We’re constantly being peppered by showers of debris from cosmic rays
colliding with atoms in the atmosphere. Cosmic rays aren’t actually
rays, of course, they’re particles; ninety percent are protons, the
nuclei of hydrogen atoms, and most of the rest are heavier nuclei like
iron. Some originate from our own sun but most come from farther off,
from the Milky Way or beyond.
"The most energetic cosmic rays are the rarest, and they pose the
biggest mystery," says Spencer Klein of Berkeley Lab’s Nuclear Science
Division. He compares the energy of an ultra-high-energy (UHE) cosmic
ray to a well-hit tennis ball or a boxer’s punch – all packed into
a single atomic nucleus.
"If they’re protons, they have about 40 million times the energy of
the protons accelerated at the Large Hadron Collider," Klein says.
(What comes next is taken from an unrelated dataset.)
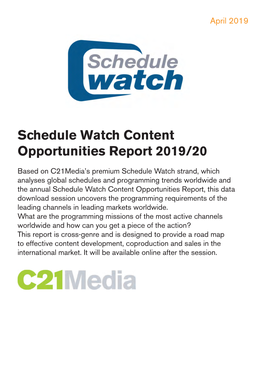 Schedule Watch Content Opportunities Report 2019/20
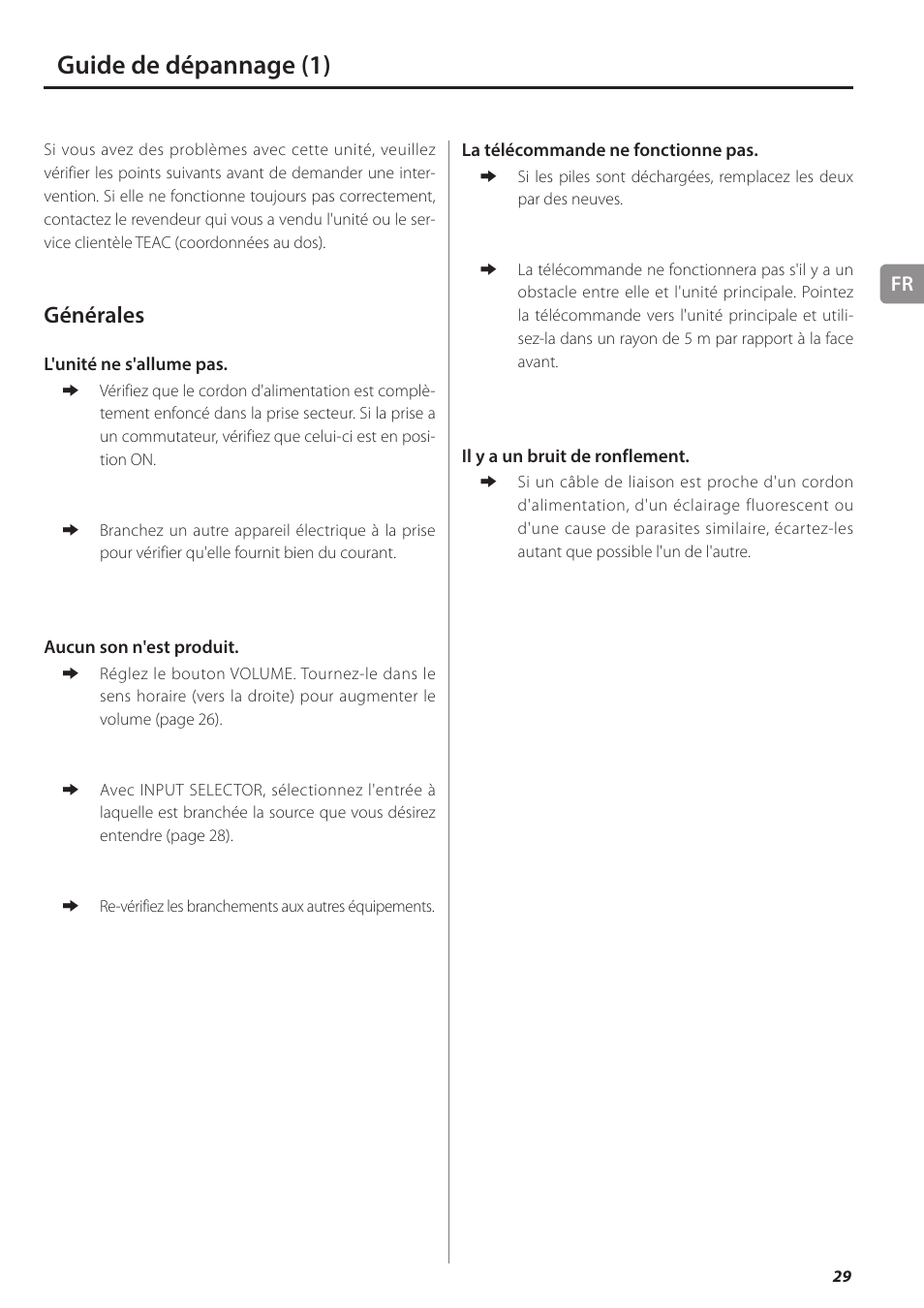 Guide de dépannage, Guide de dépannage (1), Générales | Teac AX-501 User Manual | Page 29 / 48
"With present technology we’d need to build an accelerator around
the sun to produce protons that energetic. Not only do we not know
how these cosmic accelerators work, we don’t even know where they are."
Being electrically charged, even the most energetic cosmic rays
are forced to bend when they traverse interstellar magnetic fields,
so it’s not possible to extrapolate where they came from by looking
back along their paths when they arrive on Earth.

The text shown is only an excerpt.